◆ Supplied data
◆ ◆ ◆ ◆ ◆ ◆ ◆

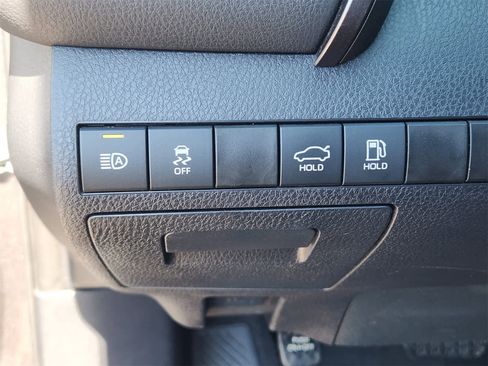 Used 2024 Toyota Camry LE image 17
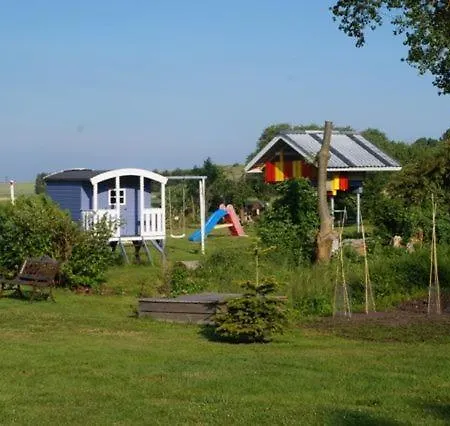 In Mit Terrasse Holiday home *
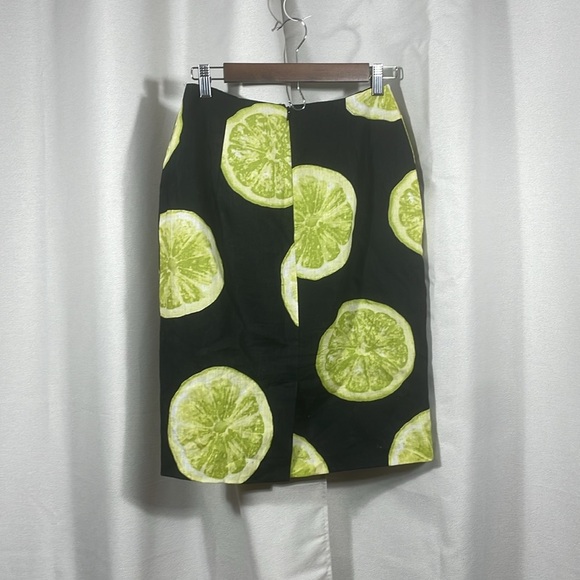 Black linen skirt with lime slices embellished with iridescent sequence midi - Picture 3 of 4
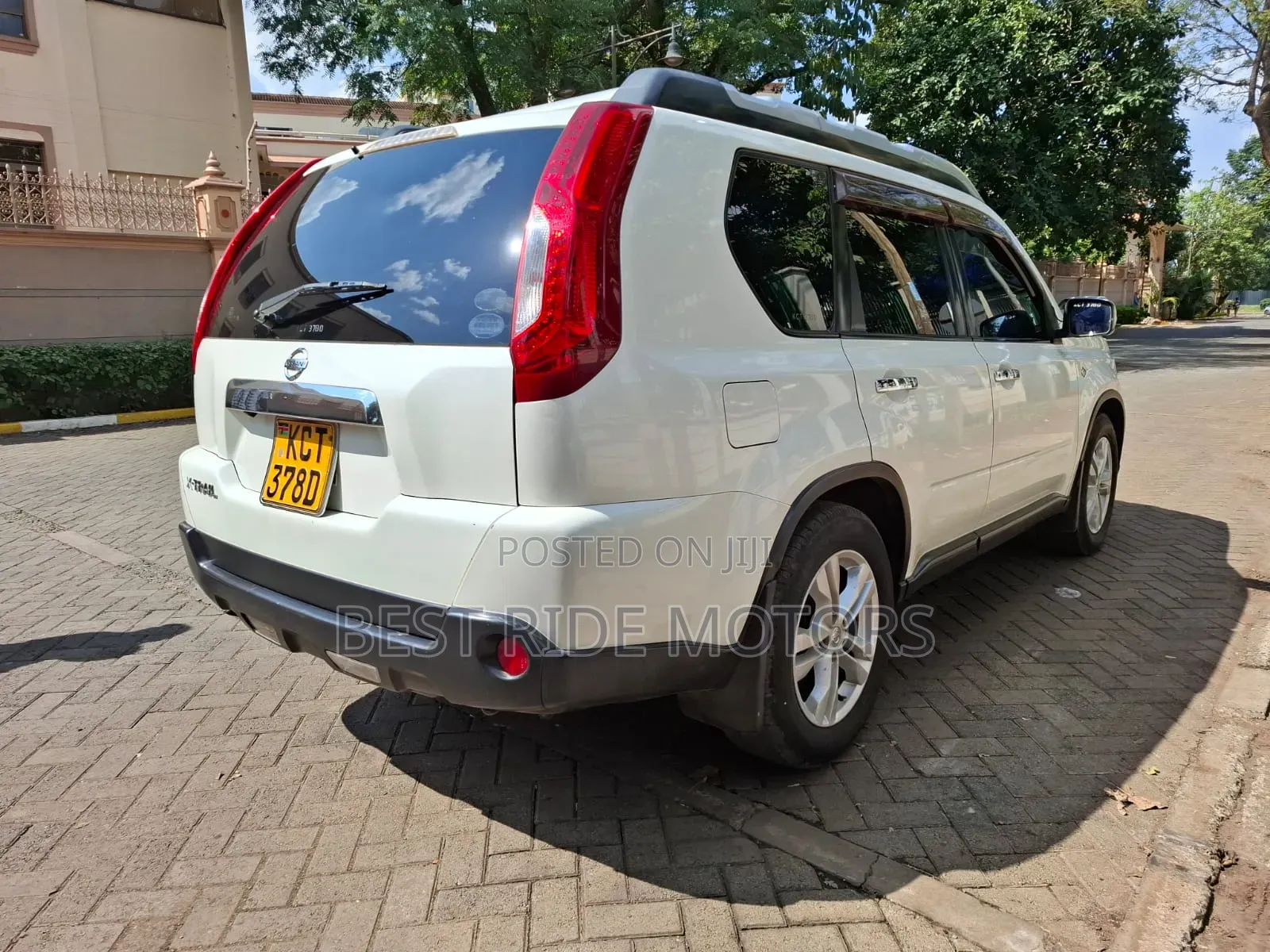 Nissan X-Trail 2.0 Petrol XE 2012 White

◆ ◆ ◆ ◆ ◆ ◆ ◆

◆ Your objective
Extract, word for word, every line from the one holding "In Mit Terrasse Holiday home *" through the closing line of the data above. Do not include any pictures.

◆ Response to this task
 In Mit Terrasse Holiday home *
 Black linen skirt with lime slices embellished with iridescent sequence midi - Picture 3 of 4
 Nissan X-Trail 2.0 Petrol XE 2012 White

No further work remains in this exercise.